Figure 7. West end of south morada, showing construction of bell tower and contracted sanctuary walls.
Figure 8. Northwest view of east morada, showing limestone slab bell tower on contracted west end.
Plans of churches built close to Abiquiú in time, distance, and orientation could have served as sources for the design of the moradas' west ends (Figure 9). Only five kilometers east of Abiquiú stood the chapel dedicated to Santa Rosa de Lima. As shown in Figure 9f, the sanctuary in its west end had a raised floor and flanking entry pilasters, features found in the east morada's west end. This chapel was dedicated about 1744 and was still active as a visíta from Abiquiú in 1830.[49] Through this period and to the present, the popularity of Saint Rose of Lima has persisted at Abiquiú. Her nearby chapel would have been a likely and logical choice for the design of the morada's sanctuary end.
Figure 9. Plans of two Abiquiú moradas compared to New Mexican churches with contracted sanctuaries: A, south morada, B, east morada; C, Zía Mission; D, San Miguel in Santa Fe; E, Santa Cruz; F, Santa Rosa; G, Ranchos de Taos; H, the santuario at Chimayo; I, Córdova. (From Kubler, Religious Architecture [see ftn. 45]: C=his figure 8; D=28, E=9, F=34, G=13, H=22, I=35.)

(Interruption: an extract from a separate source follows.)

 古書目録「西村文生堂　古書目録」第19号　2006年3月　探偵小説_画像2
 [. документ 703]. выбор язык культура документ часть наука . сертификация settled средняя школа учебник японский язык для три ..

A second possible source for the contracted ends of the Abiquiú moradas would be the south transept chapel of the Third Order of St. Francis at Santa Cruz (Figure 9e). It was completed shortly before 1798[50] and served Franciscan tertiaries into the 1830s. Plans compared in Figure 9 indicate that the dimensions of this left transept chapel at Santa Cruz measure only five percent larger than the chapel room of the east morada at Abiquiú, and the plans also reveal contracted chancel walls at both locations.
The concept of a constricted sanctuary as seen in Abiquiú moradas originated in earlier Spanish and Mexican churches. In 1479, architect Juan Guas used a trapezoidal apse plan in San Juan de los Reyes at Toledo and, by 1512, the design found its way into America's first cathedral at Santo Domingo. Within the first century of Spanish colonization, contracted sanctuary walls appeared on the American mainland in Arciniega's revised plan for Mexico City's Cathedral (post-1584)[51] and, again, in New Mexico, where it first appeared at the stone mission of Zía, built about 1614 (Figure 9c). Once established in the Franciscan province, the concept of converging sanctuary walls survived the 1680 Indian revolt and returned with the reconquest of New Mexico in 1693. Spaniards raised and rebuilt missions from the capital at Santa Fe (San Miguel, rebuilt 1710; Figure 9d) north to Taos (San Geronimo, 1706). Throughout the 18th century, in a three-to-one ratio, the churches of New Mexico used the contracted, as opposed to the box, sanctuary.